Há dezoito anos, Anizete faz do cruzamento das ruas Marciano Armond e Recife (Adrianópolis) seu local de trabalho como vendedora de jornais.
Ela testemunhou jornais surgirem e sumirem do mercado, e lembra com saudade do faturamento nos dias de manchetes fortes.
Ela revela que permanece no ponto de venda porque, mesmo com a escassez de leitores, cultiva uma robusta rede de amigos, ex-clientes, que lhes estendem às mãos com “mimos” que vão de dinheiro a produtos da cesta básica.
Com venda de jornais, Anizete disse que fatura entre R$ 10 e 15 por dia “de comissão”, dinheiro que não é nada em relação às doações e ao carinho que recebe dos “amigos de longas datas”.
De repente, ela interrompe a conversa com a reportagem para receber uma sacola com cereais de uma “amiga” que estaciona o carro ao lado dela.
“É assim, elas sempre me socorrem”.
Na volta, adianta que, nos fins de semana, recebe quinze exemplares de A Crítica, quinze do Manaus Hoje e quinze do Amazonas em Tempo.
“Somente A Crítica e o filho dela, o Manaus Hoje, são entregues de terça-feira a domingo, regularmente”.
A jornaleira atribui à internet e à pandemia do covid-19 a morte da venda de jornais perto de semáforos.
Antes do domínio da “dona internet”, até por volta de 2005, os jornaleiros brigavam, diariamente, para receber ao menos cinquenta exemplares de cada título por dia.
“Em 2021-2022, a ‘dona covid’ matou de vez a venda de rua dos jornais”, testemunha Anizete.
Ela explica que continua na venda de rua porque sustenta dois filhos que tomam remédios controlados e até agora não conseguiram amparo do Instituto Nacional da Previdência Social (INSS).
“Eles são adultos, mas dependem de mim iguais a crianças”.
Além das doações dos amigos, Anizete recebe auxílio de programas sociais do governo, mas ressalta que esse dinheiro é insuficiente para pagar alimentos básicos e o aluguel de R$ 400 da kitnet em que mora com os filhos e um senhor com quem convive, que trabalha nas imediações do ponto de venda dela.

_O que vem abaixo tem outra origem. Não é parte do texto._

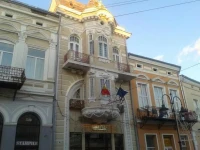 Hotel Rares 2*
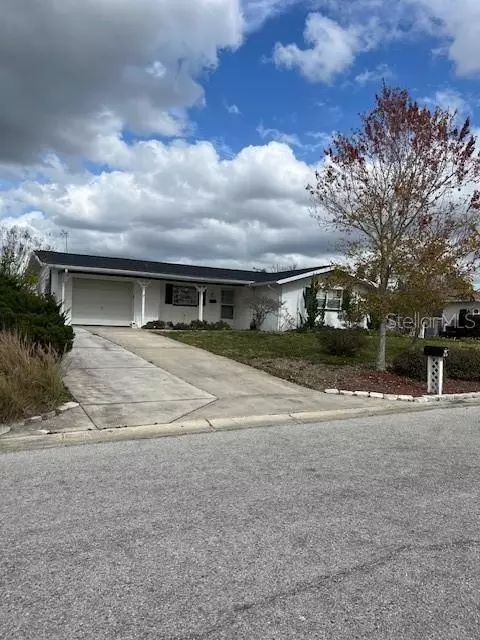 7821 Talisman Dr, Port Richey, FL 34668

A jornaleira adianta que permanecerá nessa atividade até o desaparecimento do último jornal impresso.
Afinal, para ela, que é vítima de sequelas de acidente de trânsito e nunca passou no mercado regular de trabalho, as possibilidades de obter salário fixo para viver uma velhice digna são cada vez menores.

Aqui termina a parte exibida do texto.